- **TASK STATEMENT**
Word-for-word repetition of the records below is needed, but only from the line holding "Gail Laura Folk" through the final line, with pictures excluded.

-- Opening Marker --

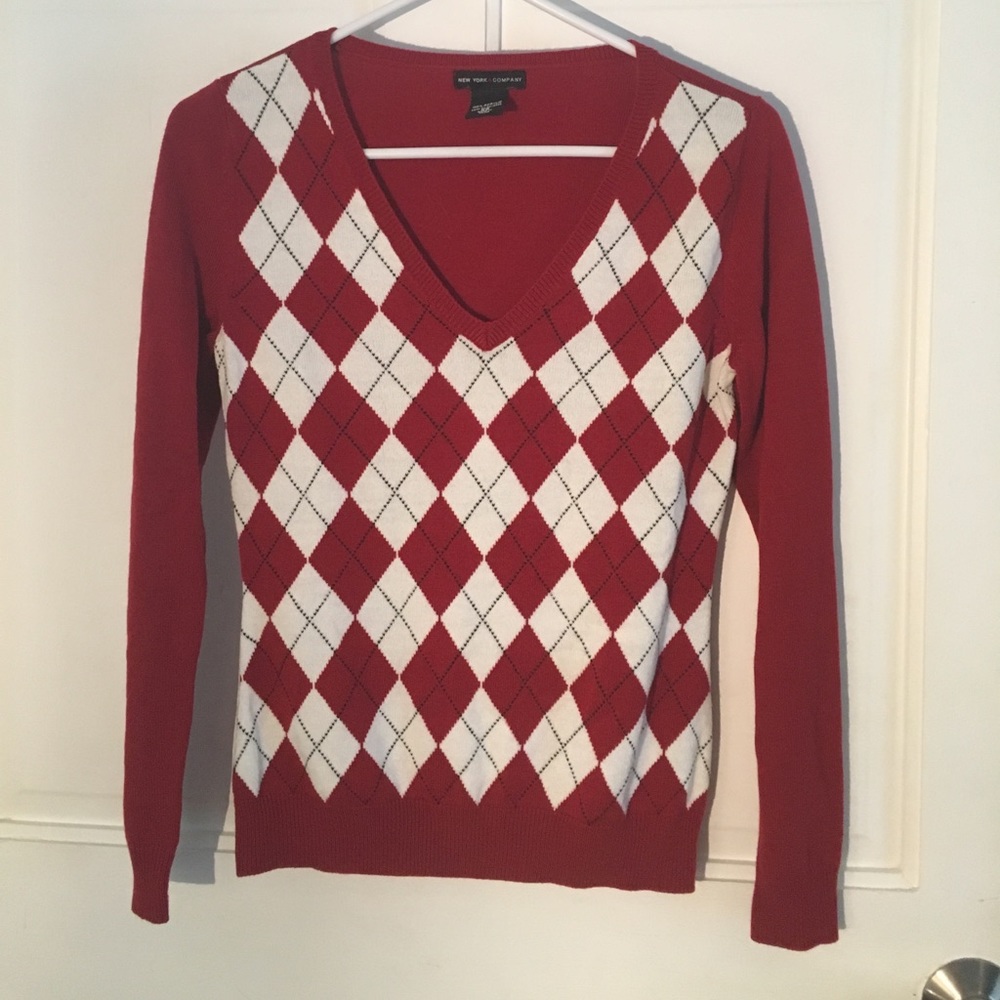 LAST CHANCE! NY&Co red and white argyle sweater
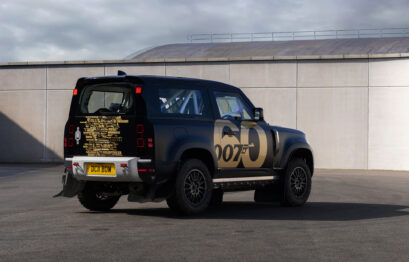 LR_Bond_Defender_Challenge05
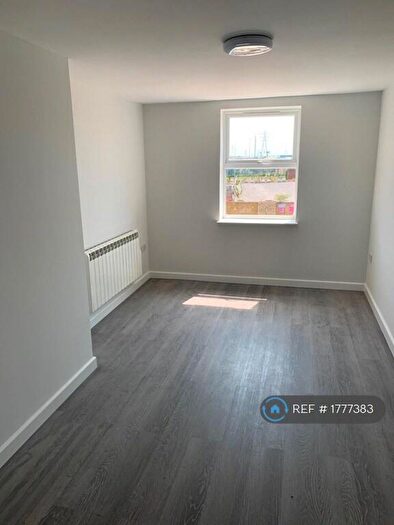 1 Bedroom Flat To Rent In High Street Bluetown Sheerness, Sheerness, ME12
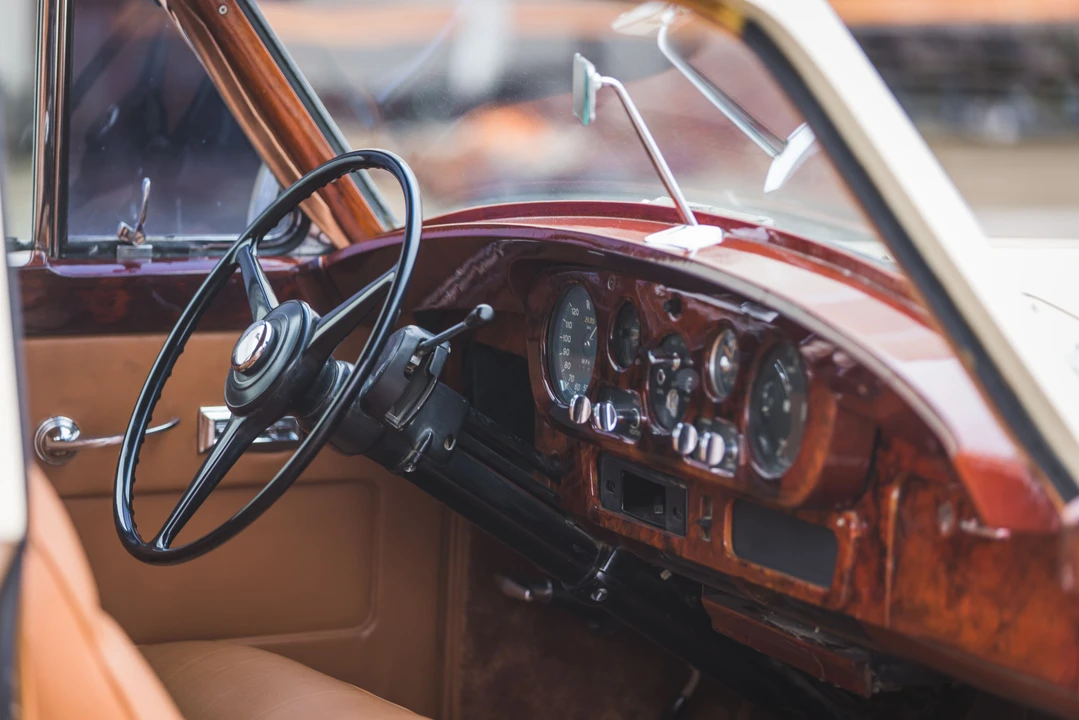 1960 Rolls-Royce Silver Cloud II - Image 11 of 31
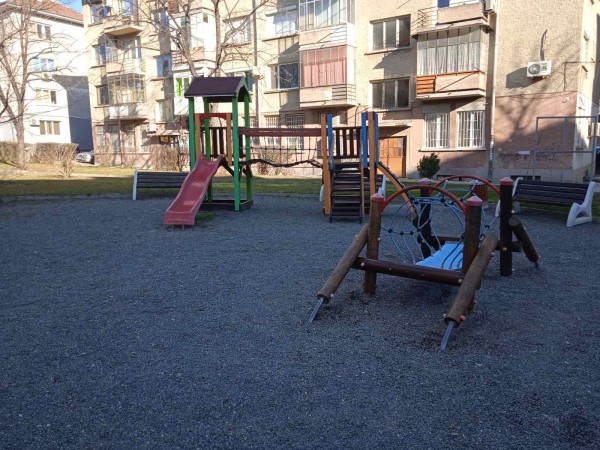 Ремонтираха площадката зад ДЗИ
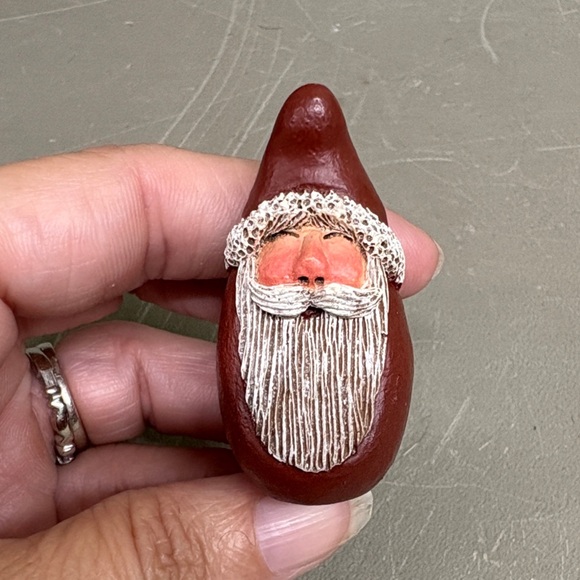Gail Laura Folk Art Santa Claus Figure - Picture 1 of 6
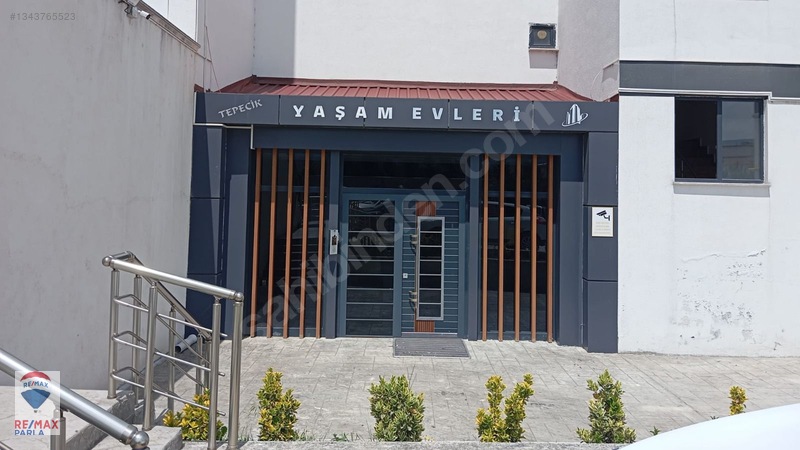 Remax Parla'dan Tepecik Yaşam Evlerinde Geniş Kiralık 3+1 Daire — fotoğraf 8
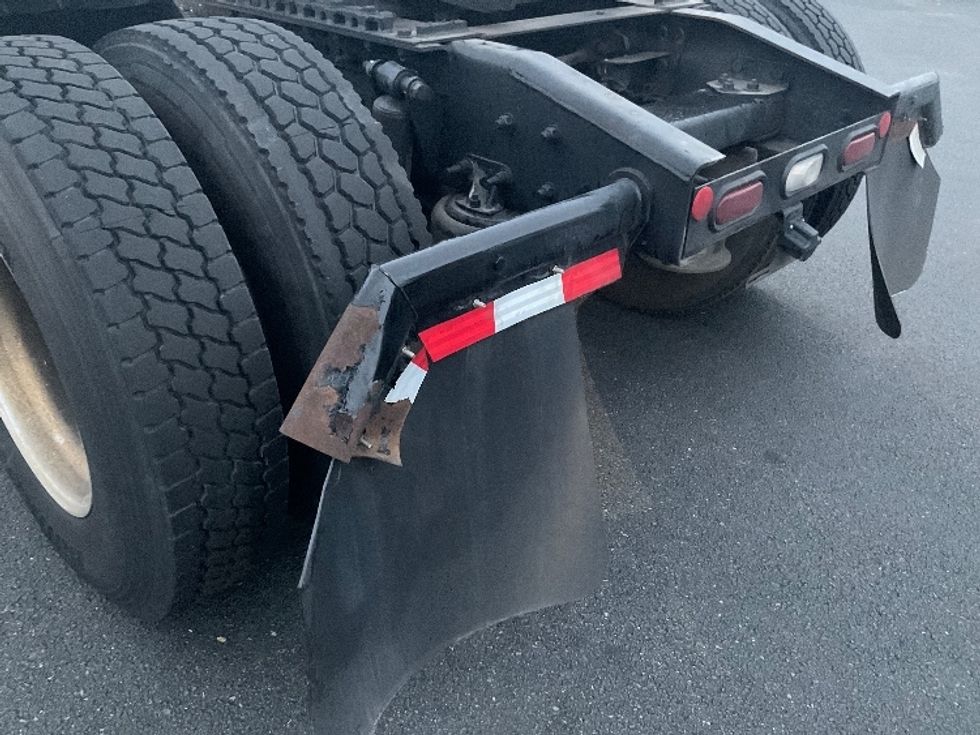 Sleeper Tractor-Heavy Duty Tractors-Freightliner-2021-T12642ST-New Castle-DE-644,826\n\t\tmiles-$ 47,000 - Image 26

-- Closing Marker --

- **PROBLEM SOLUTION**
Gail Laura Folk Art Santa Claus Figure - Picture 1 of 6
 Remax Parla'dan Tepecik Yaşam Evlerinde Geniş Kiralık 3+1 Daire — fotoğraf 8
 Sleeper Tractor-Heavy Duty Tractors-Freightliner-2021-T12642ST-New Castle-DE-644,826\n\t\tmiles-$ 47,000 - Image 26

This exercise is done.